(Short web captions)
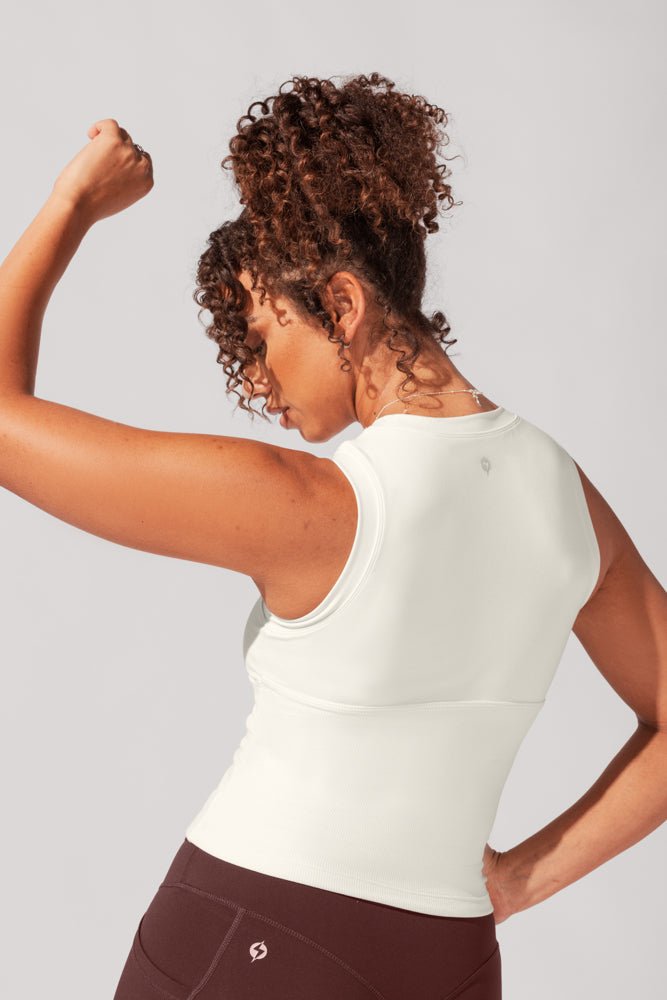 POPFLEX® Peekaboo Crew Tank - Coconut Cream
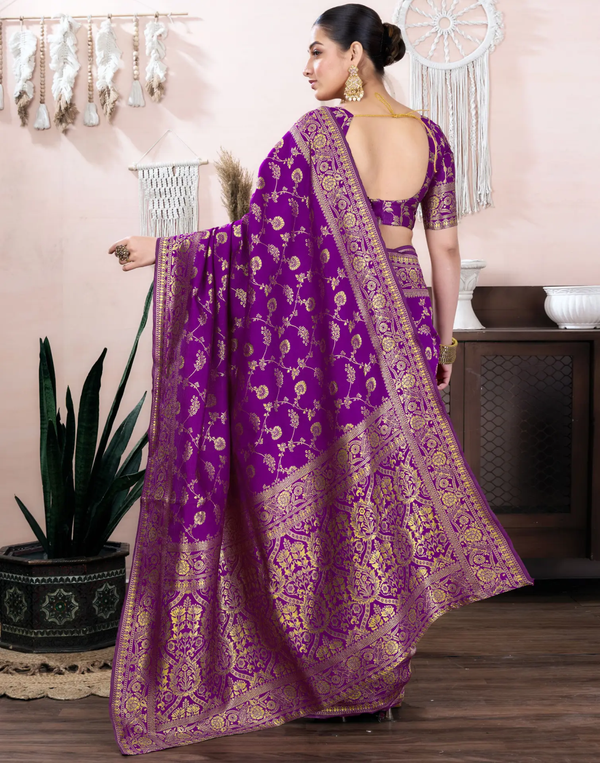 Purple Banarasi Soft Silk Saree with Gold Floral Zari Work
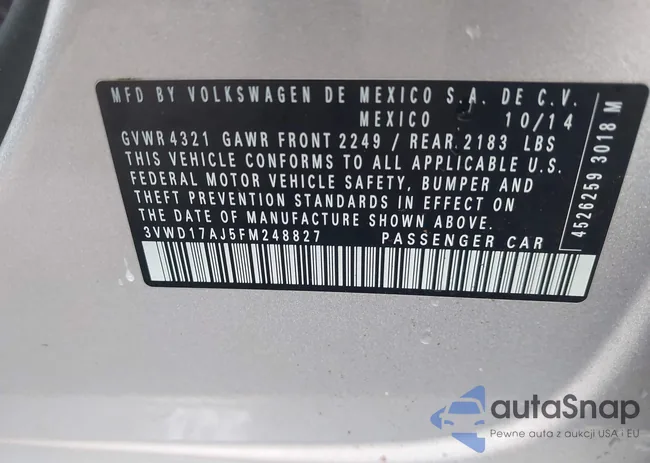 3VWD17AJ5FM248827: 43226465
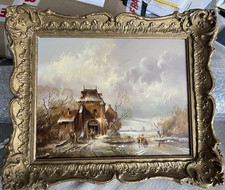 W. Van Groot Winter Scene Oil On Canvas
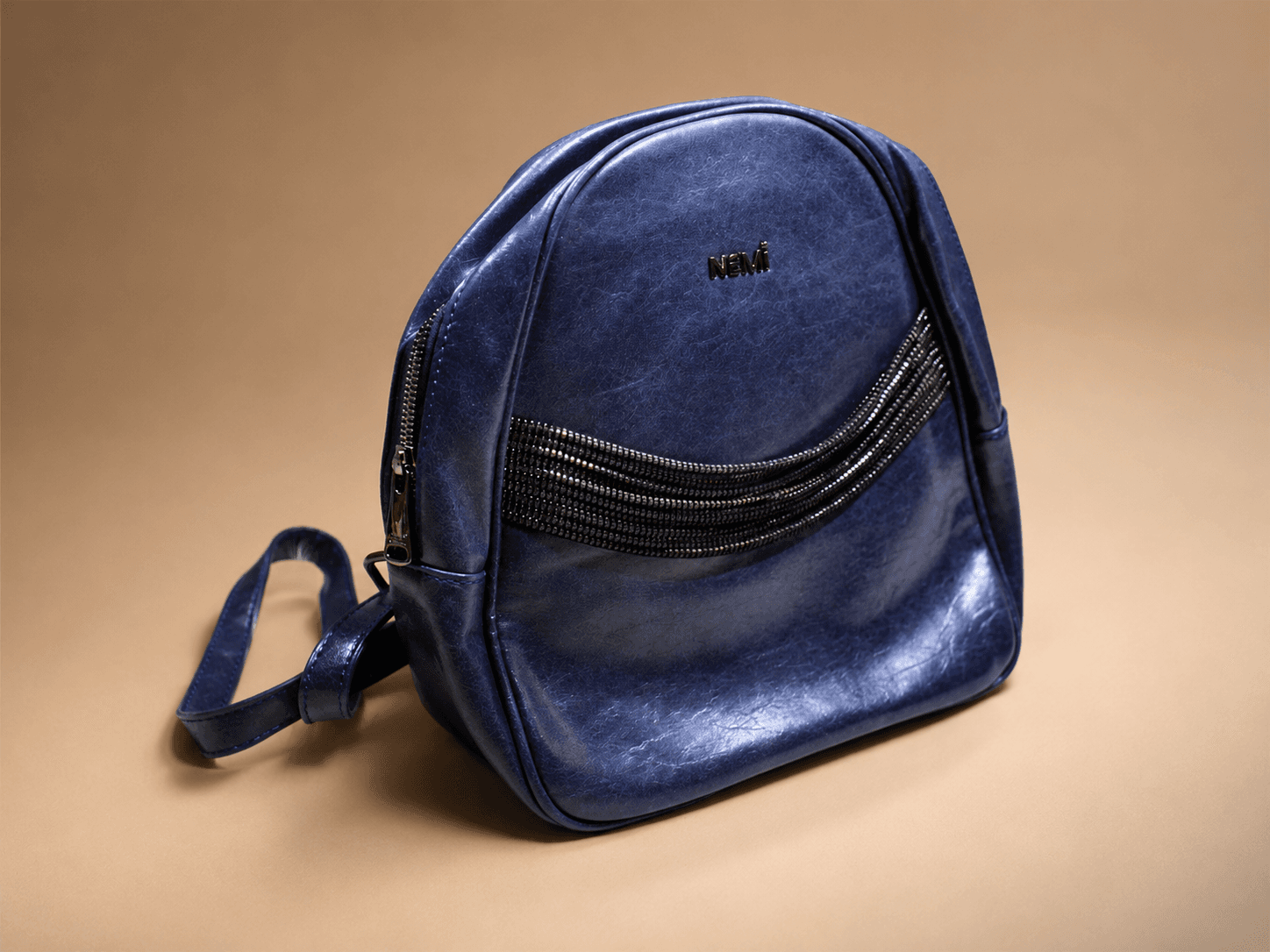 Metallic Blue Mini Backpack
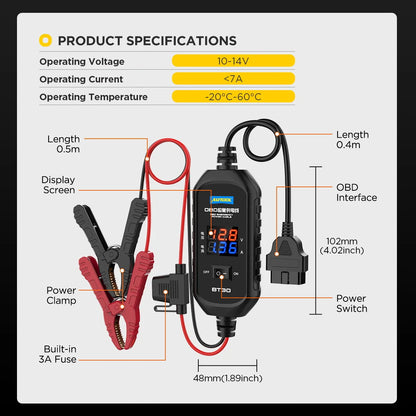 AUTOOL BT30 Car OBD ECU Connector Emergency Power Supply Cable Battery Cable Saver Emergency Electrical Plug Car ECU Memory Save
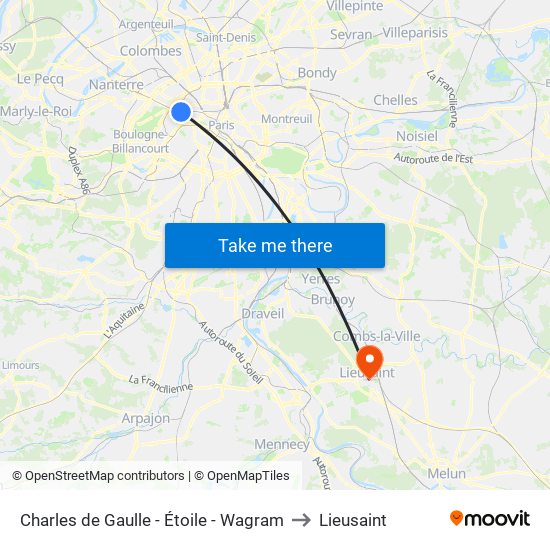 Charles de Gaulle - Étoile - Wagram to Lieusaint map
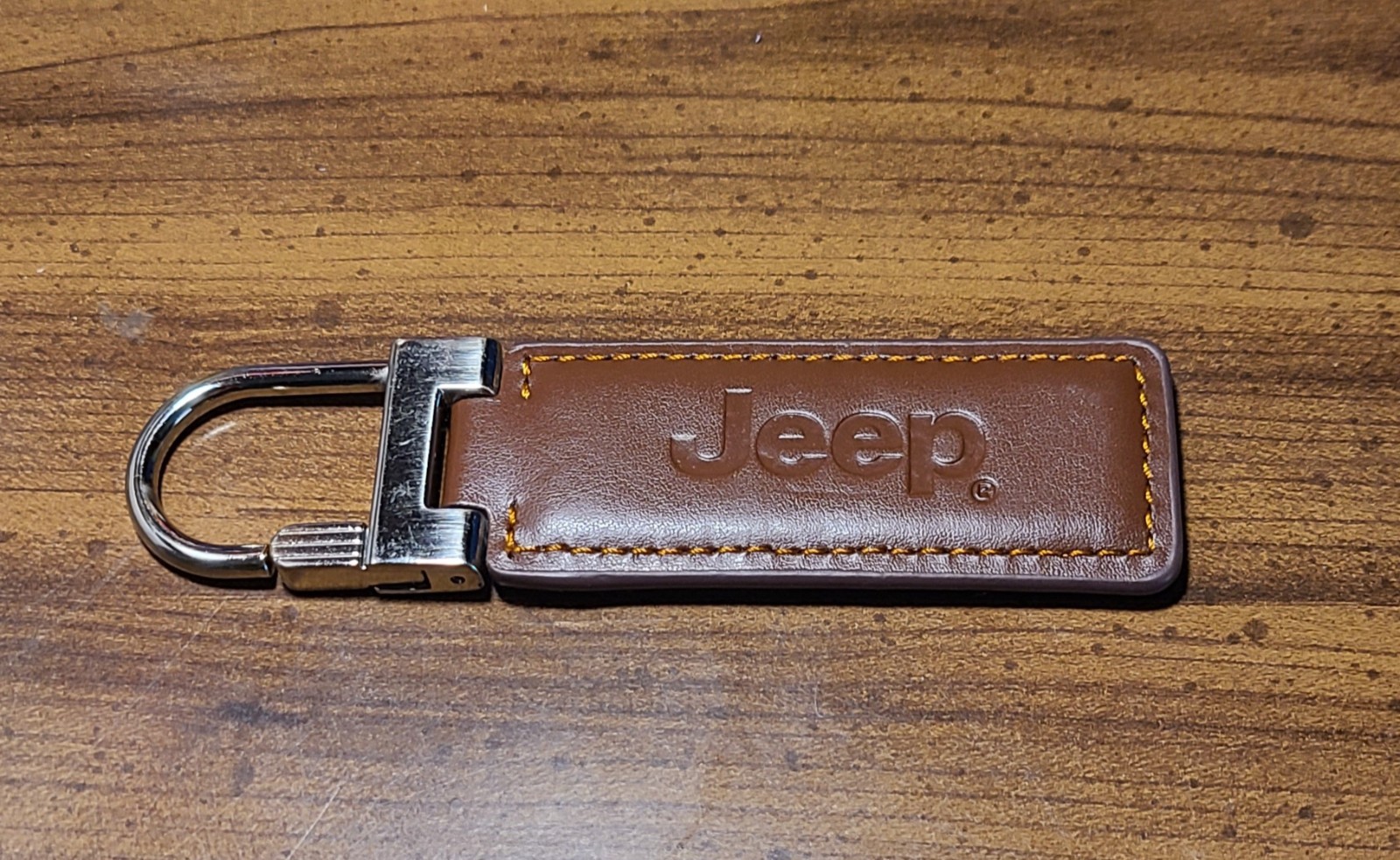 VTG Collectable Jeep Brown Embossed Leather and Metal Keychain VTG Collectable Jeep Brown Embossed Leather and Metal Keychain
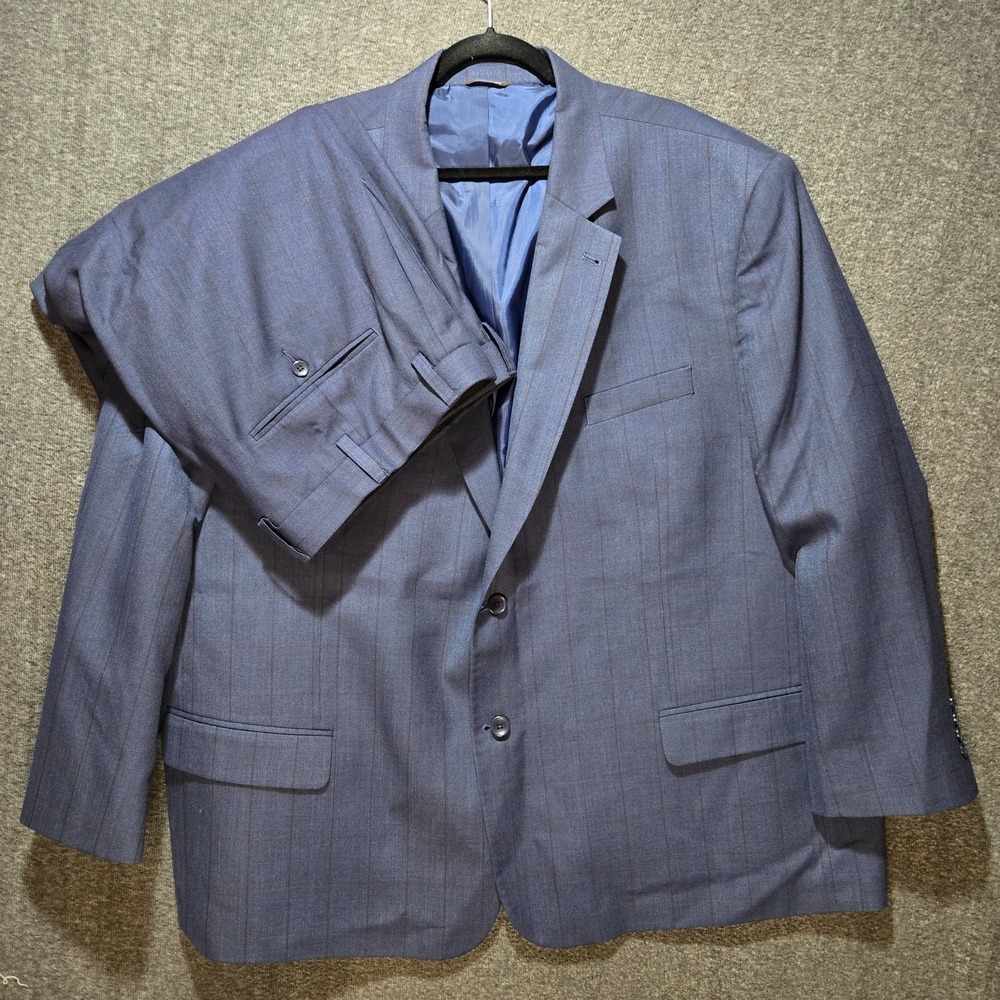 Oak Hill Suit Jacket & Pants Mens Perfect Fit 58R / 44x28 Blue Check Big & Tall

ACTIVITY |
In the copy, leave out all pictures, and retype exactly each line from the one with "3VWD17AJ5FM248827: 43226465" through the last line of the entries.

RESPONSE FOR THIS EXERCISE |
 3VWD17AJ5FM248827: 43226465
 W. Van Groot Winter Scene Oil On Canvas
 Metallic Blue Mini Backpack
 AUTOOL BT30 Car OBD ECU Connector Emergency Power Supply Cable Battery Cable Saver Emergency Electrical Plug Car ECU Memory Save
 Charles de Gaulle - Étoile - Wagram to Lieusaint map
 VTG Collectable Jeep Brown Embossed Leather and Metal Keychain VTG Collectable Jeep Brown Embossed Leather and Metal Keychain
 Oak Hill Suit Jacket & Pants Mens Perfect Fit 58R / 44x28 Blue Check Big & Tall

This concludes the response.